Frost studied the man in the chair. He had bags under his eyes and a two-day beard on his face. His forehead was high and furrowed with long lines. He looked lost, like one of those men who falls behind early in life and never catches up to the rest of the world.

“Why do you cover for him?” Frost asked. “You know what he does.”

Phil was silent. His jaw moved, as if he were trying to dislodge food from his teeth. Then he said, “You got a brother?”

“Yes.”

“Then you should understand.”

“I wouldn’t protect my brother if he killed someone,” Frost said. “I wouldn’t lie for him over something like that.”

“It’s easy to say that if you’ve never faced it.”

“All those years, you knew what Rudy was doing, and you never said a word to anyone.

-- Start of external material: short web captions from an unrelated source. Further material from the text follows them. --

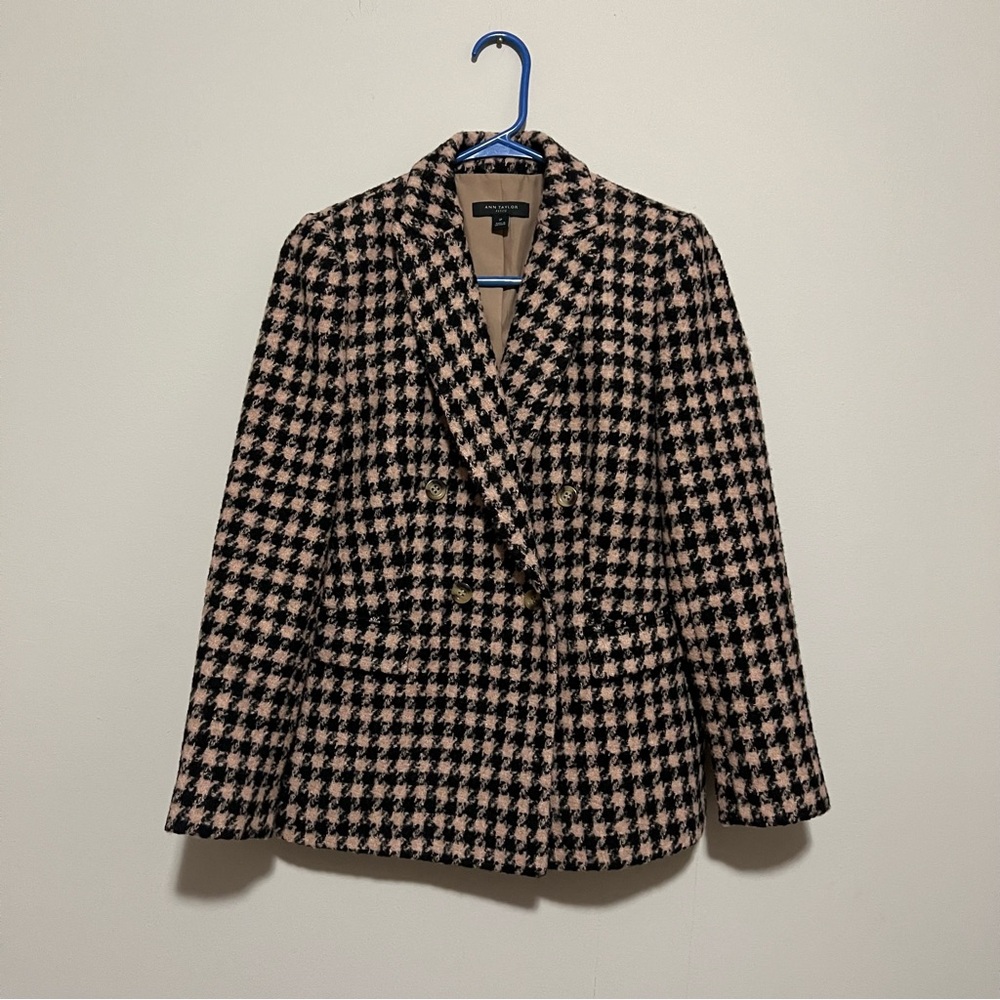 Ann Taylor Women's Houndstooth Blazer Pale pink and Black size 2P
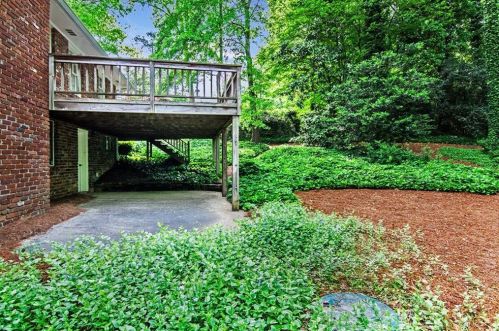 100 Finchley Ct, Atlanta GA  30328-2034 exterior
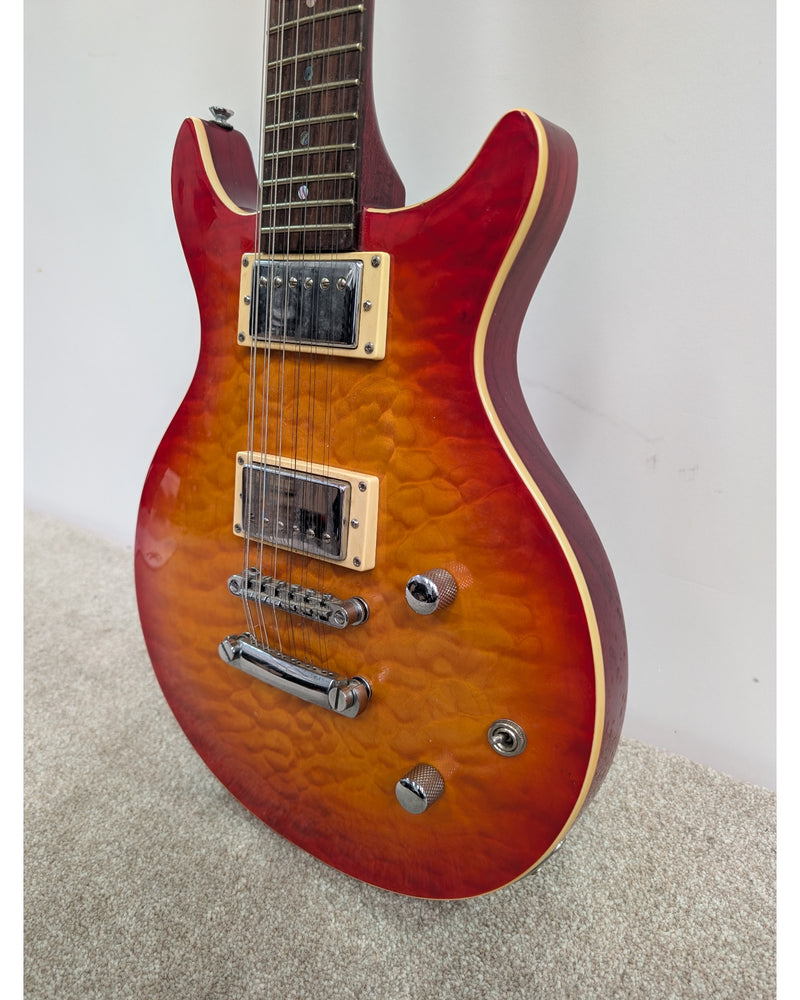 Wolf KT12 - Electric Guitar - Cherry - Very Good w/ Soft Case - image 3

I don’t know how you live with that, Phil.”

“What I know is that Rudy is everything I’ve got, and he always has been. For thirty years, it’s been him and me. Longer than that if you go back to when we were kids.”

Frost didn’t push him. He wanted to plant a seed of guilt, and that was all. He pointed to a photograph on the wall that showed two young boys with their parents. The background looked like a Giants game, and he figured the picture had been taken at the old Candlestick Park.

“Is this you and Rudy and your folks?” he asked.

“Yeah.”

“Are they still alive?”

“You know they’re not,” Phil replied. “They died when Rudy and I were in our teens. Car accident. Truck driver lost control on 280 and nailed them both. This was their house.”

“Do you work?” Frost asked. “Other than breaking and entering, that is. I know about your record.”

“I was an electrician for BART. I got injured on the job a decade ago.”

“So how do you spend your days?”

“What does it look like?” Phil asked, holding up the bottle.

What it looked like was a man who was committing slow-motion suicide.